1. The M8195A arbitrary waveform generator packs as many as four differential channels with 65 GSamples/s sampling rate and 20-GHz bandwidth into a single AXIe module.

The new M8195A AWG from Keysight Technologies boasts some of the most outstanding performance levels yet to be achieved by these generators, with frequency bandwidth to 20 GHz using an 8-b, 65-GSamples/s architecture packed into a compact, one-slot AXIe module. Each one-slot module contains four digital-to-analog converters (DACs) operating at a maximum rate of 65 GSamples/s, with each M8195A AWG module capable of four differential output signals. This is a test signal source that can match the most advanced produce the most creative forms of modulation and even frequency-hopped signals with minimal jitter. This is a test signal source that can match the most advanced waveforms and the most creative forms of modulation—even frequency-hopped signals—with minimal jitter.

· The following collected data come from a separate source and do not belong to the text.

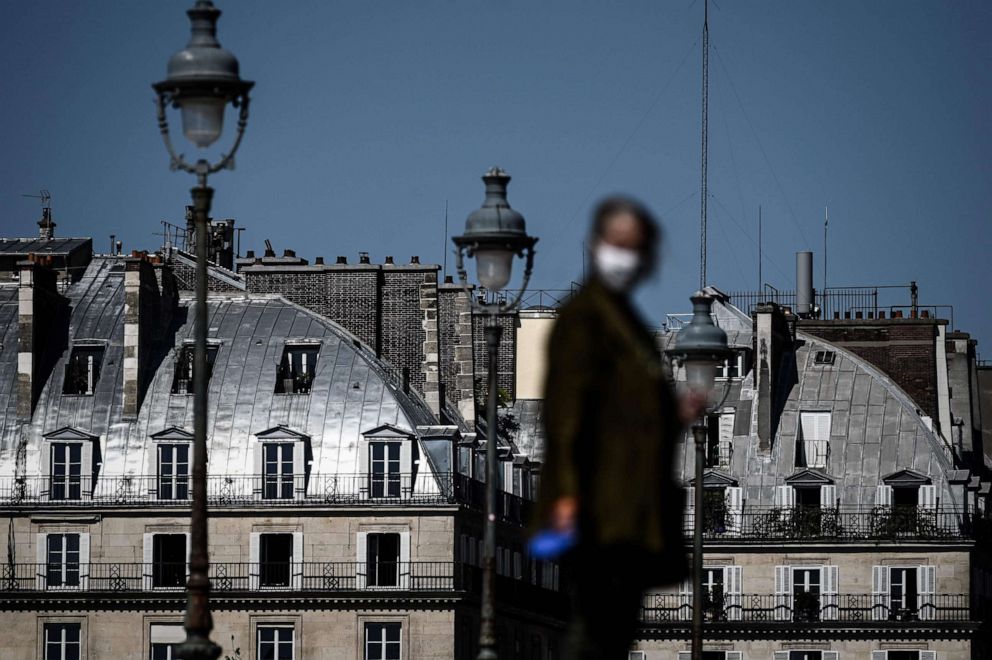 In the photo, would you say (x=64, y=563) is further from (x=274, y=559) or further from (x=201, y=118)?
(x=201, y=118)

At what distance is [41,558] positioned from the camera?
3093 inches

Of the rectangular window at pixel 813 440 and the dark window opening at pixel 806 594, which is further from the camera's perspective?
the rectangular window at pixel 813 440

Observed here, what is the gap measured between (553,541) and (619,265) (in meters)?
1.24

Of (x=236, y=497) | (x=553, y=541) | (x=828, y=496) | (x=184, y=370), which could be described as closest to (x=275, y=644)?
(x=236, y=497)

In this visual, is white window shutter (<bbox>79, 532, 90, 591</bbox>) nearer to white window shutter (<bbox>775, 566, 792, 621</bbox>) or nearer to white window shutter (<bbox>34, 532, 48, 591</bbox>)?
white window shutter (<bbox>34, 532, 48, 591</bbox>)

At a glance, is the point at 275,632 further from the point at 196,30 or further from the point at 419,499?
the point at 196,30

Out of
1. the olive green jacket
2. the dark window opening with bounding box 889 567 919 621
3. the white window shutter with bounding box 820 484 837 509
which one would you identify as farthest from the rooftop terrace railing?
the olive green jacket

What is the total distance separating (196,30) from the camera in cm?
2464

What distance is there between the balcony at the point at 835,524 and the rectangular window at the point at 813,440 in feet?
7.14

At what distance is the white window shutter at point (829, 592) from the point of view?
92000 millimetres

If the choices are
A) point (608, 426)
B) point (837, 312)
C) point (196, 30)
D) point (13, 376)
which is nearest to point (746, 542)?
point (837, 312)

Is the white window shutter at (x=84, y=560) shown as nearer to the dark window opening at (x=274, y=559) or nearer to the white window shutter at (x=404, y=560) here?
the dark window opening at (x=274, y=559)

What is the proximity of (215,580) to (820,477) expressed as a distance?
83.4 ft

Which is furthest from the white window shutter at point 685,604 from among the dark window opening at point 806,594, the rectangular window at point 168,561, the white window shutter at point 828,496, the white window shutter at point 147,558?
the white window shutter at point 147,558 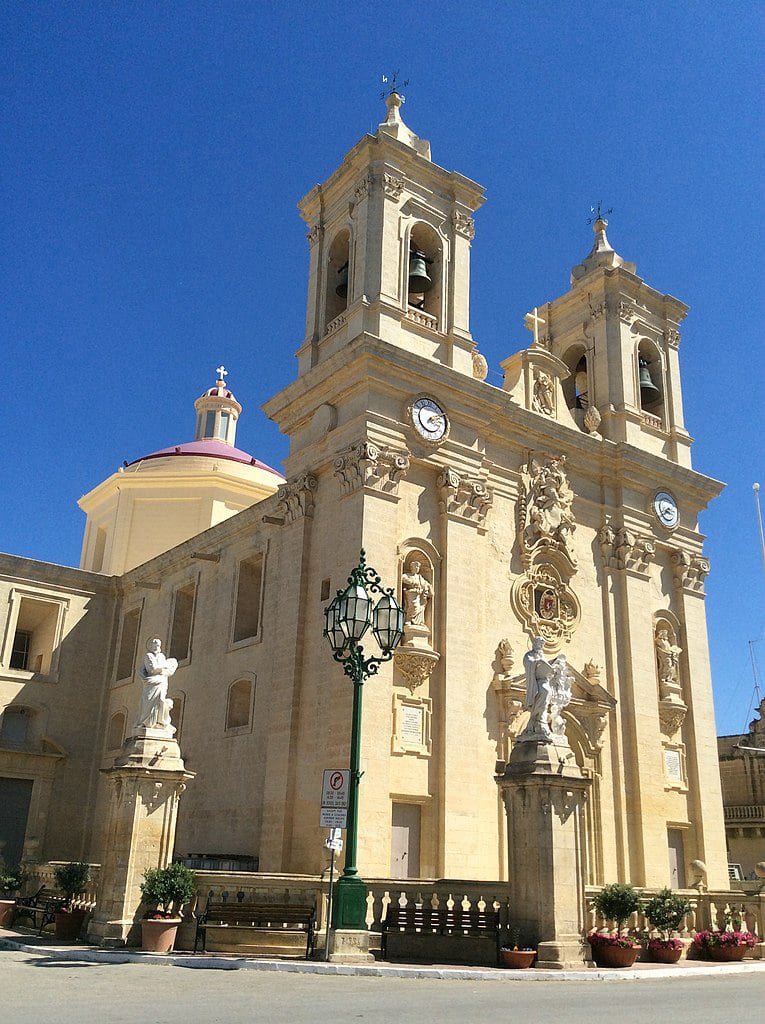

The M8195A AWG (Fig. 1) is available with one, two, or four differential channels per one-slot AXIe module; the module can be installed in a two-slot or five-slot AXIe chassis. The 65-GSamples/s sample rate can be maintained on all channels across an instantaneous bandwidth of DC to 20 GHz. The AWG features built-in frequency and phase calibration to produce wideband, multitone signals with flat frequency response to 20 GHz.

The phase-noise and spurious noise levels of these signals are low, but outputs can also be programmed with required amounts of noise and distortion for realistic testing of analog, digital, and optical systems. The M8195A can be programmed and controlled by means of a soft-front-panel application running on the AXIe embedded controller or, alternately, software running on an external personal computer (PC).

In addition, the M8195A can be controlled by SCPI and IVI-COM remote programming interfaces. The AWG is designed to work with a number of external software programs, including MATLAB from The MathWorks and LabView from National Instruments.

This is a competitive signal source for the many challenges of testing modern optical, RF/microwave, and digital systems. It can provide four independent analog output signals, allowing for advanced optical-communications component and system testing, as well as for driving optical systems that require a pair of independent in-phase/quadrature (I/Q) dual-polarized signals. The four output channels can be precisely synchronized in time, with femto-second resolution.

Modern optical communications systems are running with increasingly complex modulation formats as the amount of data to be handled increases, including quadrature-phase-shift-keying (QPSK) modulation, 16-state quadrature amplitude modulation (QAM16), and orthogonal-frequency-division-multiplex (OFDM) modulation. The M8195A can generate all of these modulation formats and more as required for optical communications testing.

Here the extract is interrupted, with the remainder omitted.